Estavam
na casa de campo, ele e a mulher. Iam todos os fins de semana. Era
uma casa grande, rústica, copiada de revista americana, e afastada
de tudo. Não tinha telefone. O telefone mais próximo ficava a sete
quilômetros. O vizinho mais próximo ficava a cinco. Eles estavam
sozinhos. A mulher só ia para acompanhá-lo. Não gostava da casa de
campo. Tinha de cozinhar com lenha enquanto ele ficava mexendo no
jardim, cortando a grama, capinando, plantando. Foi da janela da
cozinha que ela viu ele ficar subitamente teso e largar a enxada,
como se a enxada tivesse lhe dado um choque. Ela correu para a porta
da cozinha e gritou:
— São
as dores?
Ele
só pôde fazer “sim” com a cabeça. Ela foi buscá-lo. Trouxe-o
para dentro de casa, amparando-o a cada penoso passo. Ele suava
muito. Cheirava à terra. Ela perguntou:
— O
remédio está com você?
Ele
disse que não. Foi mais um grunhido. Subiram, a custo, os dois
degraus da porta da cozinha. Ele não quis ir para a cama. Quis ficar
na cadeira de vime da cozinha. Ia passar.
— Onde
é que está o remédio?
Ele
fez um gesto que queria dizer “por aí”. Ela insistiu, já em
pânico:
— Onde
foi que você botou o remédio? Com a mesma mão ele pediu tempo para
pensar. Onde tinha posto o remédio? Ela não esperou. Foi revistar o
casaco dele, pendurado no armário, perto da entrada. Não encontrou
o remédio. Correu para o quarto deles. Ele tinha atirado tudo que
trouxera da cidade — livros, revistas, alguns papéis do escritório
— em cima da cama. Procurou nos bolsos da calça que ele também
jogara na cama.
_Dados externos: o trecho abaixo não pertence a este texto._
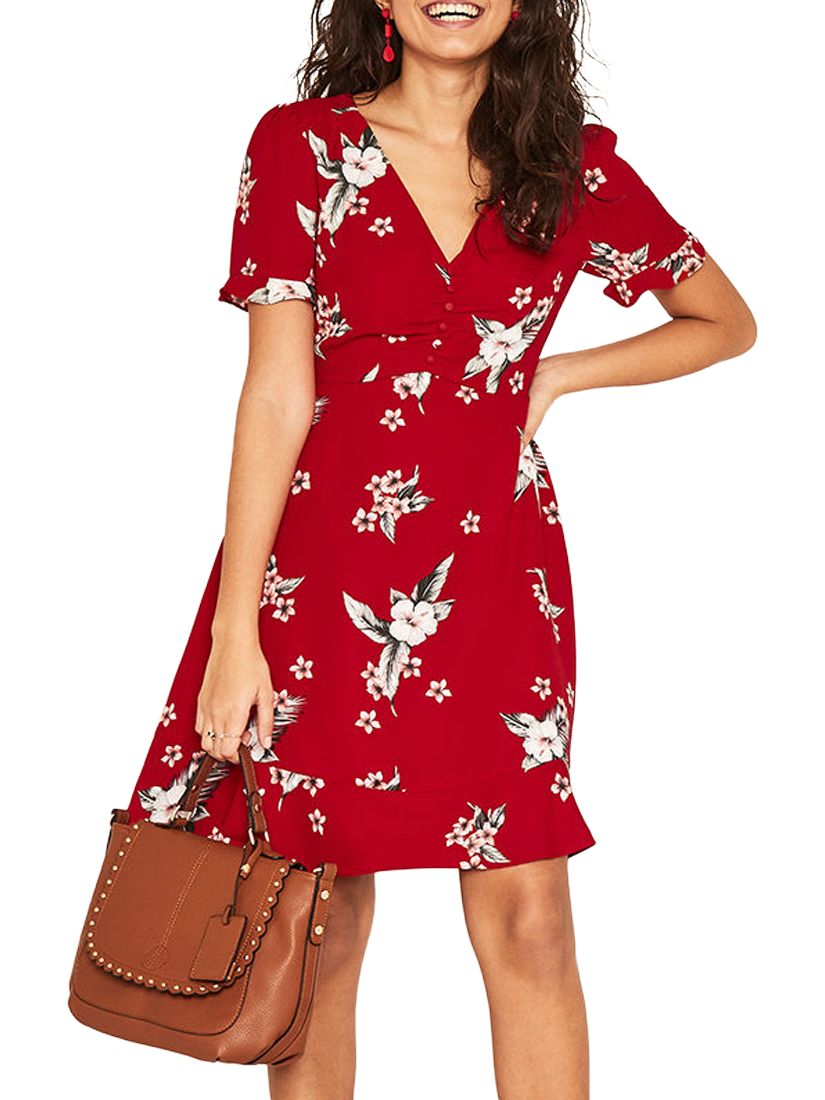 Oasis Havana Floral Tea Dress, Multi/Red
O remédio não estava ali. Ela voltou para a
cozinha:
— Onde
é que você pôs o remédio?
Ele
tentava reconstruir, mentalmente, tudo o que fizera ao chegar à casa
no dia anterior. Desci do carro. Abri a porta da frente. Fui direto
para o nosso quarto. Atirei os livros, as revistas e os papéis em
cima da cama. Gisela estava embaixo dos lençóis, nua, só a sua
cara sorridente para fora. Mas o que é isso? Não tinha ninguém
embaixo dos lençóis. Ele fora ajudar a mulher a abrir as janelas.
Depois... Depois o quê? Voltara para o carro e pegara os pacotes de
comida. Levara para a cozinha. Saíra pela porta da cozinha e fora
ligar a chave da luz que ficava do lado de fora. Vira o seu pai no
meio do gramado, de costas para ele, chorando. Claro que não vira.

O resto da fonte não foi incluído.